We should test that hypothesis, however. Yes, that means that in the course of testing they hypothesis that two means are equal, we might have a step where we must run a secondary hypothesis test that two variances are equal!

Testing Homogeneity of Variances

Here, our null hypothesis is $\sigma^2_1 = \sigma^2_2$, and our alternative hypothesis is $\sigma^2_1 \neq \sigma^2_2$.

Under the assumption that our samples were drawn independently and that for each sample, this distribution is approximately normal, we can look at the test statistic of $$F = \frac{s^2_1}{s^2_2} \textrm{ where } s_1 \textrm{ is chosen so that } F \ge 1 \quad (\textrm{i.e., } s_1 \ge s_2)$$ which follows an $F$-distribution with $n_1 - 1$ degrees of freedom associated with the numerator and $n_2 - 1$ degrees of freedom associated with the denominator.

The selection of $s_1$ so that it forces $F \ge 1$ allows us to only concern ourselves with the right tail of the distribution (i.e., we only worry about exceeding a single critical value in the right tail). Depending on how we are determining that critical value, however, be aware that we may need to consequently halve the $\alpha$-level to compensate for the nicety of only having to deal with a right-tailed test.

As a specific example, if we have an $\alpha$-level of $0.5$, we will want to find the critical value so that $0.025$ is in the right tail of the related $F$ distribution.

What if the samples are not independent?

Slightly modifying the initial example given at the top of this page, what if we wanted to know something about the difference in heights between men and their spouses? Now the samples taken are no longer independent. Knowing something about the height of a man present in one of the samples may tell us something about a woman in the other sample -- specifically, it may tell us something about the woman to whom he is married. (It may be the case, for example, that men generally prefer to marry women that are slightly shorter than they are.)

When there is a natural pairing that can be made between samples like this, we say we have paired data and consequently, dependent samples. (It goes without saying that if the data is paired, each sample must have the same size, $n$.)

In this case, we construct null and alternative hypotheses that say something about the mean of the differences seen in each pair. Specifically, letting $\mu_d$ denote the mean difference between paired elements, we have a null hypothesis of $\mu_d = 0$ and alternative hypotheses of either $\mu_d \neq 0$, $\mu_d \gt 0$, or $\mu_d \lt 0$.

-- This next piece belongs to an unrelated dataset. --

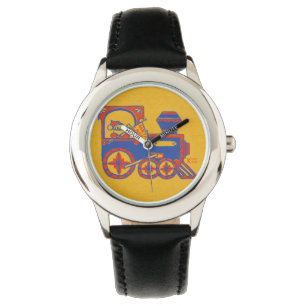 Santa Train Armbanduhr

Importantly, our hypotheses is saying something about the single set of differences seen. That means that once we have calculated all of these individual differences, the rest of the test (or the construction of the related confidence interval) will be no different than a one-sample hypothesis test for a mean (or a one-sample confidence interval for a mean). Rejoice! These are problems with which we have already dealt!

Under the assumption that $n \ge 30$ or the distribution of differences is approximately normal, the test statistic $$t = \frac{\overline{d} - \mu_d}{\displaystyle{\frac{s_d}{\sqrt{n}}}}$$ follows a $t$-distribution with $n-1$ degrees of freedom. Similarly, the confidence interval for $\mu_d$ has bounds $$\overline{d} \pm t_{\alpha/2} \frac{s_d}{\sqrt{n}}$$


† : This discussion of experimental design is a very lightly modified version of the same found in Stats: Modeling the World by Bock, Velleman, and De Veaux, which offers the following caveat as well: "Remember that to be valid, experiments do not need a representative sample drawn from a population because we are not trying to estimate a population model parameter."